If you are serious about becoming just financially free or even wealthy then becoming a good investor will surely get you there. Investing is a form of passive income that you can use as leverage. Most people that have become wealthy got there by leveraging passive income. With that being said, investing is not for everyone.
Here are 12 things to consider:
1- Debt elimination:
If you are deep in debt or are just barely getting by, then you should hold off until you can free up some funds to start with. Before you are able to make any additional income, you should eliminate any outstanding debt outside of a mortgage or car loan. For people juggling bills, it would be best to increase your current income by working a little overtime or even taking on a part time job to raise extra funds. Use your present income to pay your current living expenses and your extra part time income to put down lump sums payments on your debt. Once your debts have been eliminated, now it is the time to invest.
2- What Can You Afford?
What can you afford to lose? No one wants to think about losing money but this is a part of life. Sometimes it will cost us to learn. Top investors have all lost money here and there and in fact still do every now and then. Now after you have paid all living expenses and found extra income, how much can you really afford to lose just in case something went wrong? Spend no more than you are willing to lose comfortably.
3- Choose Only One:
Start small by taking baby steps. Pick only one area to invest in once you have found income to play with. There are many places to choose from like: stocks, bonds, real estate, currency trading and precious metals. Choose only one that interests you. Have you ever heard: "jack of all trades but master of none?"
4- Educate:
Now it is time to educate yourself in this area. You want to learn as quickly as possible about what you are getting yourself into. Do not leave any room open for failure. Once you learn about this form of investing and it still feels right for you, then start pursuing it.
5- Take Action:
Now that you are educated in this area, it is time for action. The experts say that knowledge is power but it really is only potential power. It is only power unless you apply it with action.
6- Start Small:
As I said above, take baby steps. Learn how to walk before you can run. Invest a little to test how fertile the soil is where you intend to go. If it starts to bring you an increase over time, invest a little more.
7- Have Patience:
Do not expect to become a millionaire overnight. Anything worthwhile takes time to grow and harvest. Your first year can be your learning curve and it still doesn't end there. Professionals are always increasing their skills and expertise by constant never ending growth.
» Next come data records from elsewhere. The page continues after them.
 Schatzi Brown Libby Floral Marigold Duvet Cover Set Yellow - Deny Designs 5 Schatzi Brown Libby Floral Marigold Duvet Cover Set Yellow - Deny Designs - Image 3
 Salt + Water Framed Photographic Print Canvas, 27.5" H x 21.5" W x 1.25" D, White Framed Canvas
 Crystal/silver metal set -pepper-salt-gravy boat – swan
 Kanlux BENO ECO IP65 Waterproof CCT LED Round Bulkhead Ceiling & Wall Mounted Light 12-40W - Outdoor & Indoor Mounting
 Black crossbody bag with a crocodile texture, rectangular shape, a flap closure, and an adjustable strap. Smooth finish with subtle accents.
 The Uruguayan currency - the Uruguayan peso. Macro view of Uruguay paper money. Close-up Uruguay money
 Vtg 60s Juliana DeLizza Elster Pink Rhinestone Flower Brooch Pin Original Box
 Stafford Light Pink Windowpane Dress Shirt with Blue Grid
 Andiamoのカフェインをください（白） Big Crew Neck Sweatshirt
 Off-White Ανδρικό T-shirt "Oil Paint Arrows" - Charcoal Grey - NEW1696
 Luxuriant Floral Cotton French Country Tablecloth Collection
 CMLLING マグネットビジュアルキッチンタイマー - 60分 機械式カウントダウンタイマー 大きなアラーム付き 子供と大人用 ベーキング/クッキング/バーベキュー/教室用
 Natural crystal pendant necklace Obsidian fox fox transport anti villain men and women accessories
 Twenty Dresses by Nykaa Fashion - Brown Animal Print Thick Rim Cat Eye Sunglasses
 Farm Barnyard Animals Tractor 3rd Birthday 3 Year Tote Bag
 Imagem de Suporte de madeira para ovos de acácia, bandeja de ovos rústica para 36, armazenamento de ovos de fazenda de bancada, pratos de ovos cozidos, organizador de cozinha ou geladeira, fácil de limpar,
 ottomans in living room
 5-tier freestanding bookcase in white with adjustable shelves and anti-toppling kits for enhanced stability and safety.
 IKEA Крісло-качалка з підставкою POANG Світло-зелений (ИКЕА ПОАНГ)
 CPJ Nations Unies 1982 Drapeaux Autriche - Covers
8- Do not place all your eggs in one basket:
Do spend all of your money in one place. Sure become a master in one area but that doesn't mean to take a gamble with your life savings. Keep your nest egg safe if you have one.
9- Repeat:
Now once you have found a good match with a venture and it starts to give you a steady return, invest more into it or find another one and repeat the steps above.
10- Model:
Look up successful investors. Read there story about how they got started and what they did. Take similar steps and you will have similar results. Study and model these people if you are truly serious.
11- Network:
Network with other investors in your niche for support. The more you learn the less you lose. Risk is a part of life. Nothing is secure. The bigger the risk, the larger the reward will be for you. The best way to cut down on risk is to make fewer mistakes. The best way to learn what not to do is by leveraging other people's mistakes. Join forums and start networking today.
12- Keep the Tax Man happy:
Now once you have found an area to invest in and have become successful, find out from a qualified tax professional how to treat investment income. This income is an income none the less and you can sure bet that the authorities want their cut from your profits. Tax pro's or chartered accountants would be the best people to advise you how and what you can legally write off in order to keep most of your hard earned money in your pocket where it belongs.